Here's a good discussion:
http://www.gigamonkeys.com/book/beyond-exception-handling-conditions-and-restarts.html

Of course, the Common Lisp ideas were carried over to Dylan's exception handling. But I would look at Lunar. It looks like Dave Moon (of Common Lisp and Dylan worlds, among many other accomplishments) has distilled this down and moved it firmly to the generic function world, in his proposed Lunar language:
http://users.rcn.com/david-moon/Lunar/exception_handling.html

Beautiful, thanks for these links. I agree the common lisp condition system is quite interesting. And it's particularly interesting to have the modern take on it in that Lunar writeup.

There was some very related discussion of algebraic effect systems over at https://github.com/JuliaLang/julia/issues/33248#issuecomment-570092961 (see also the following discussion). Though for a dynamic language like Julia the common lisp condition system seems a better analogy than the algebraic effects systems in strongly typed functional languages.

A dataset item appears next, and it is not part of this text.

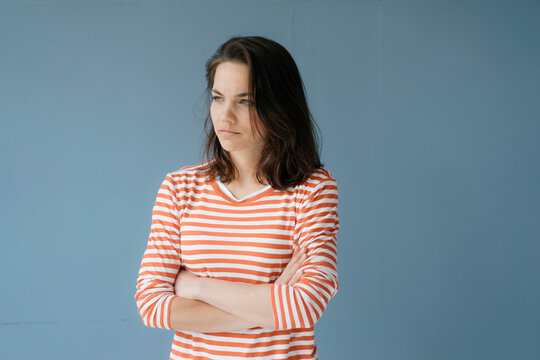 Portrait of an angry woman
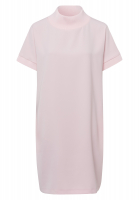Dress with ribbed stand-up collar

I had a quick look at the Lunar writeup (will need an in-depth read later). I think it's exactly the kind of thing which would fit in well in Julia; in fact it's almost exactly the design I had in mind after reading about algebraic effects, including the behavior of the chain of catch handlers. In particular, the following paragraph about Lunar was very close to what I had in mind:

The throw function (when called with one actual parameter) executes a method that was made dynamically available by catch. The method is not selected by the usual rules; instead throw invokes the first applicable method in the sequence of available catcher methods, with no consideration of method specificity or ambiguity.

(For people following along, note that Lunar's throw is very different from Julia's throw. In the language of algebraic effects, Lunar's throw would be the perform keyword mentioned at https://overreacted.io/algebraic-effects-for-the-rest-of-us/)

I'd kind of like to bundle all these things which provide restarts under the label "effects systems" and I have a half-written summary about this and how it could be applied in Julia. Actually I feel all this is possible to prototype already — indeed @MikeInnes has prototyped https://github.com/MikeInnes/Effects.jl which is super cool and very much relevant.

The really difficult thing is figuring out how to fit this stuff into the runtime so that it becomes a reliable language feature which doesn't stress the compiler too much and which also generates really fast code when it matters. I feel like we'll only truly succeed with an effects system if the runtime can generate code which

1. Would be as fast as returning an integer status code by hand and testing that for shallow call stacks where "failure is expected" and dealt with immediately.
2. Can support unwinding from deeply nested function calls without specializing the intermediate call stack on the effects handlers.

If we don't succeed at (1), people will continue to need return codes; if we don't succeed at (2) the compilation time will (presumably) be unacceptable. But if we can do both things, we may get one consistent error handling strategy everywhere.